## Work task:
The records below must be transcribed exactly. Do not include the pictures.

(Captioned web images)
******

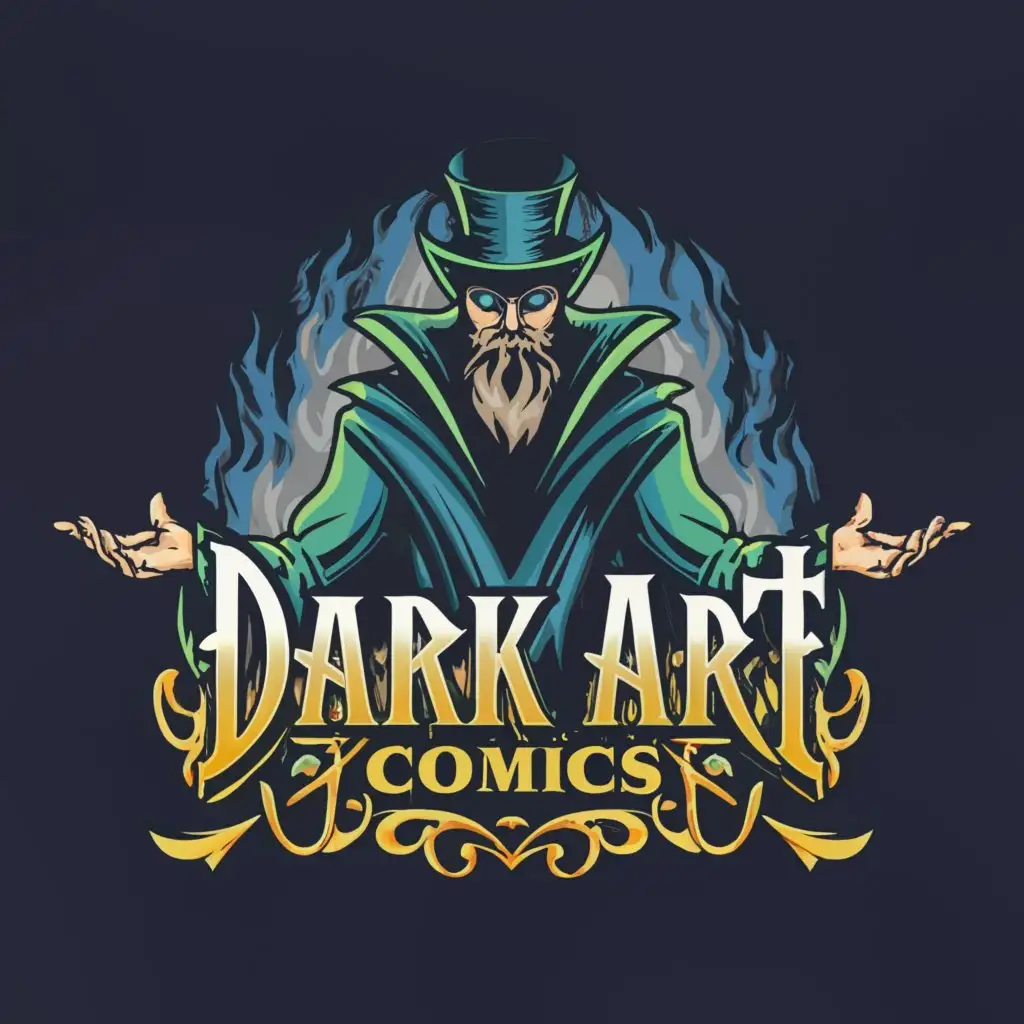 a logo design,with the text 'Dark Art Comics', main symbol:Dark Art Magician that is buff and hot for comic establishment blue and green color scheme,complex,be used in Entertainment industry,clear background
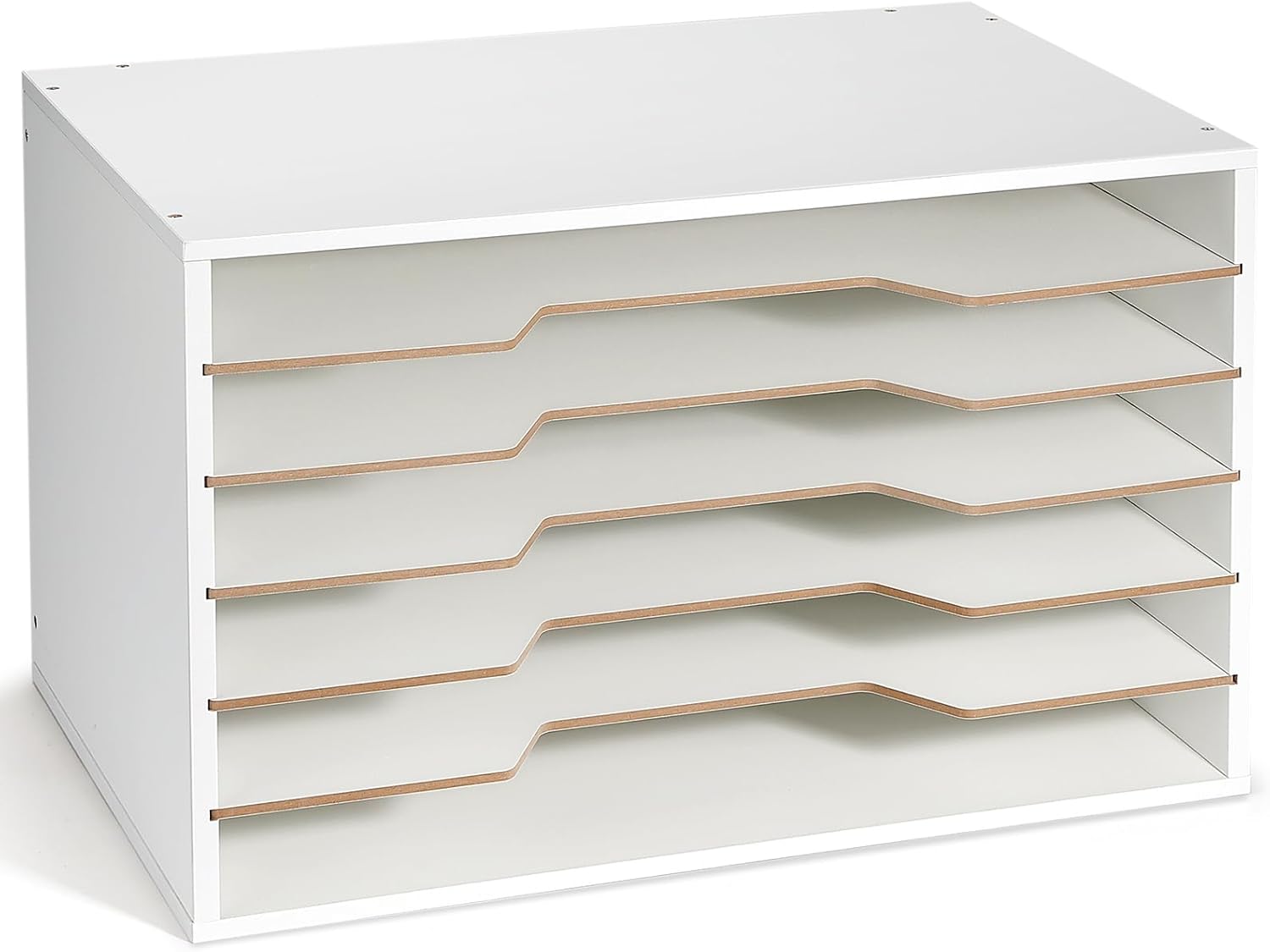 12x18 Construction Paper Organizer, Larger Size Wooden Literature Organizer, 6-Tier Desktop File Sorter for Home, Classroom and Office, Adjustable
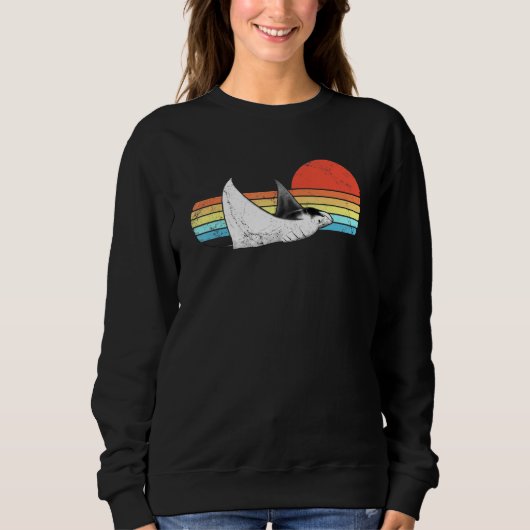 Sweatshirt Manta Ray Sunset Vintage (Devant)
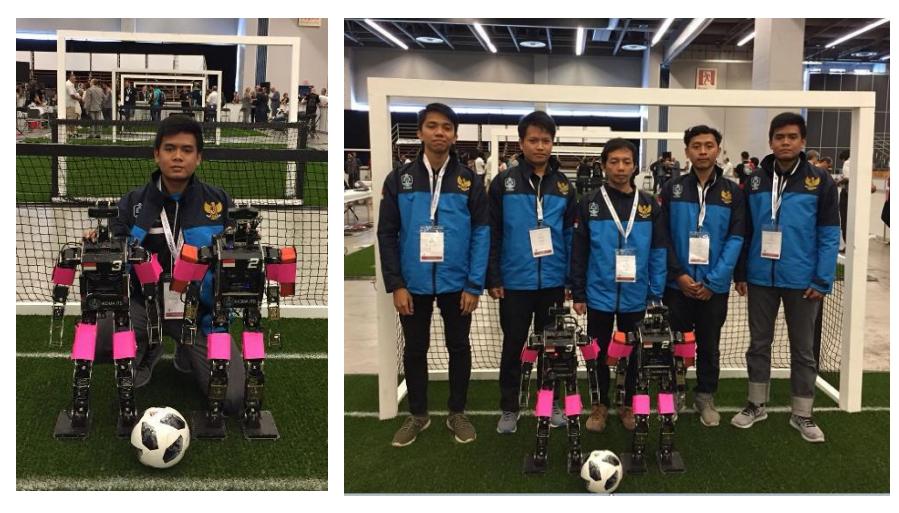 Left: Ichiro Robot TeenSize. Right: Robot Team Member at Robocup 2018.
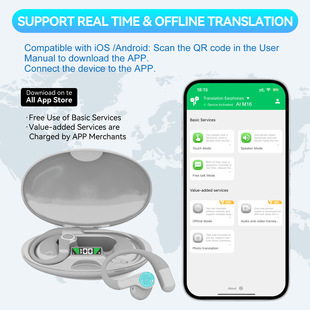 Smart Bluetooth Earphones Open Se Earphones AI Translation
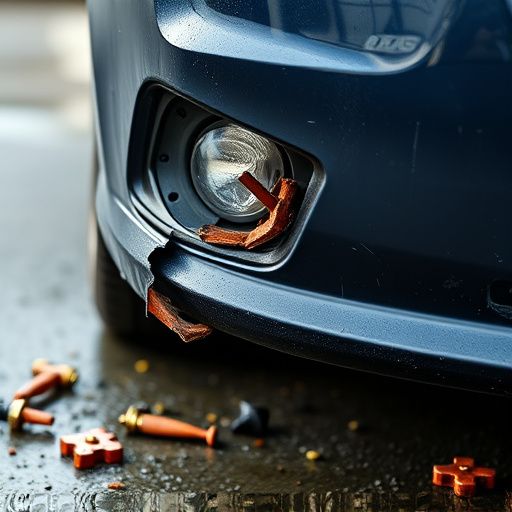 damaged car bumper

******

## Task response:
 a logo design,with the text 'Dark Art Comics', main symbol:Dark Art Magician that is buff and hot for comic establishment blue and green color scheme,complex,be used in Entertainment industry,clear background
 12x18 Construction Paper Organizer, Larger Size Wooden Literature Organizer, 6-Tier Desktop File Sorter for Home, Classroom and Office, Adjustable
 Sweatshirt Manta Ray Sunset Vintage (Devant)
 Left: Ichiro Robot TeenSize. Right: Robot Team Member at Robocup 2018.
 Smart Bluetooth Earphones Open Se Earphones AI Translation
 damaged car bumper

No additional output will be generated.